Using a partnership model agreement, Veolia Transportation managed to complete a New Orleans streetcar extension in time to be operational during the 2013 Super Bowl.

Veolia Transportation – Rail extension
As if getting a streetcar extension up and running weren’t a feat in and of itself, Veolia Transportation managed to have the line completed and operating in New Orleans one week before the city hosted the 2013 Super Bowl.

The use of what Veolia refers to as the partnership model is responsible for that success, Dick Alexander, sr. VP, business development, Veolia Transportation, says.

The model, or delegated management contract, defines the contractor as not just the operator, but a full partner in the process. As a full partner, Veolia implements the policy set by the New Orleans Regional Transit Authority (RTA) board of directors.

The project is a good example of the model, which more cities in the U.S. are looking into, Alexander says.

“I think it’s going to be a growing trend, private sector contractors having a much deeper role in the technical aspects and the long-range planning of services, not just the operation of the here and now,” he says.

The board of directors requested a plan to expand the streetcar system. Veolia presented a three-part plan. The Loyola Corridor was the first of three build-outs. The contractor secured funding, developed the specifications, hired the engineering and construction firms, and oversaw of the process with subcontracted firms doing the procurements according to Federal Transit Administration requirements.
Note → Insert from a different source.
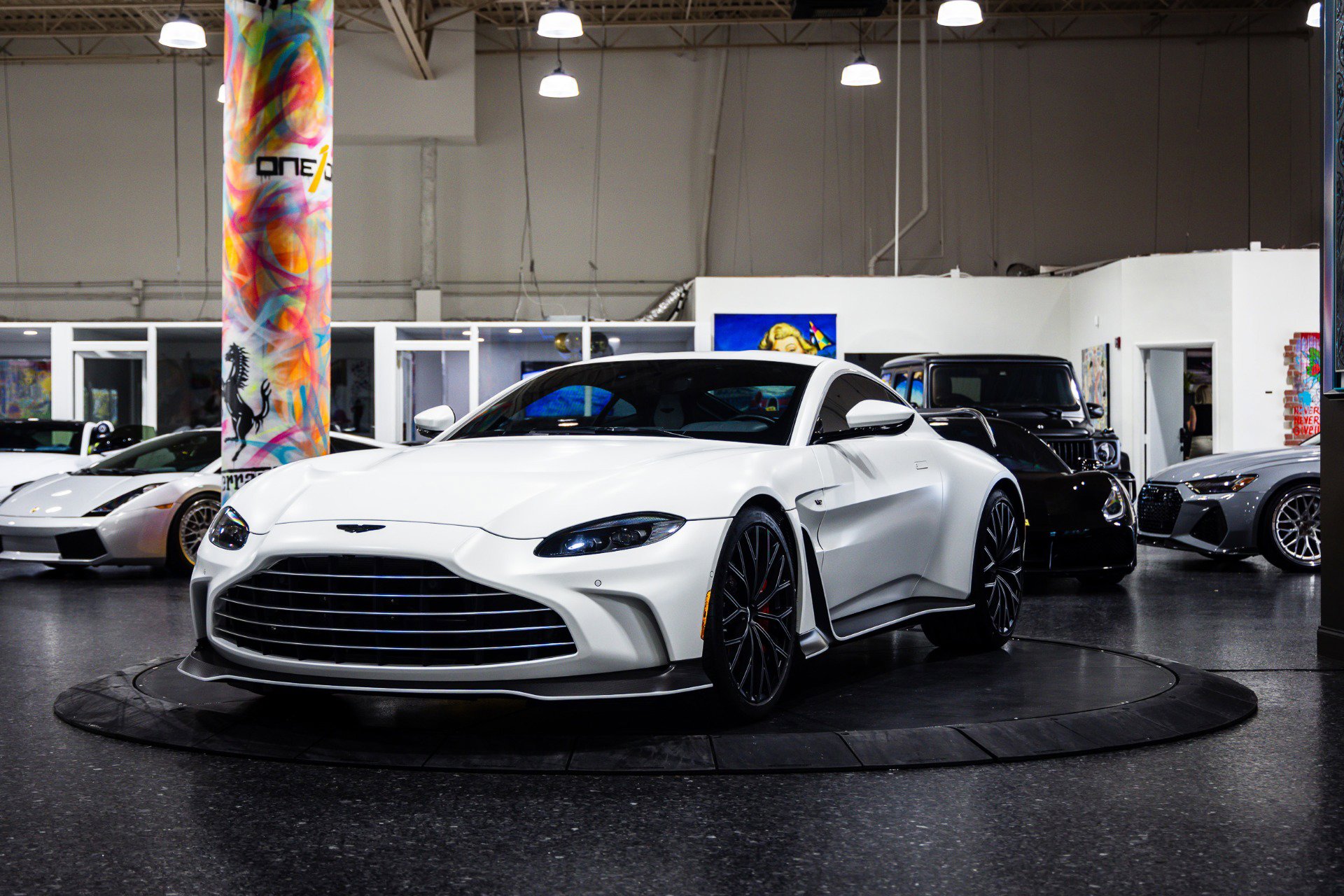 Used 2023 Aston Martin V12 Vantage image 16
The extension operates approximately 1.6 miles along Loyola Avenue between the Canal Street and the Union Passenger Terminal downtown, serving most of the business district and connecting Amtrak and a bus transit center at the terminus of the line. Since the streetcar opened, it generated more than $2.7 billion in development around the line.
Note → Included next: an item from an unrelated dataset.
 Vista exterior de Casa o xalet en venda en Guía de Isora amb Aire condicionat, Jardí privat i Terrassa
Developments in the works for future expansion as part of the larger 10-year plan for public transit mobility in New Orleans include another streetcar line along Rampart St., traveling across the North side of the French Quarter into mainly residential areas.
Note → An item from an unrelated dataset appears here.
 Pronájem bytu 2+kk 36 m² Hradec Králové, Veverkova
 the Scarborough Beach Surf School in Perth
Challenges with the project were typical, Alexander says: raising enough money and a tight deadline.

“You just work your way through problem by problem,” he adds. “We were able to get a very good bond rating for the RTA. That meant we were able to raise more money. One thing builds on another to get the project going.”

Additionally, at the order of Mayor Mitch Landrieu, the project had to be done before the Super Bowl.

“Downtown New Orleans was just one big construction site because we couldn’t do things as one often does by taking one block and working on it and moving to the next,” Alexander recalls. “We had to rapidly do this, so there was a lot of construction. The residents of New Orleans had to put up with a lot while this got built.”

Now, he adds, the streetcar looks like it was made to be there, blending into the landscape. The Hyatt Regency New Orleans even conducted a major renovation of its facility, moving its front door to Loyola Avenue to be closer to the streetcar.

“There aren’t a lot of systems that can go from concept to implementation as fast as that project did,” Alexander says. “It shows the value of having partners with different expertise. For us to go to the mayor and the city and look for money together is a real testament to the power of that approach.”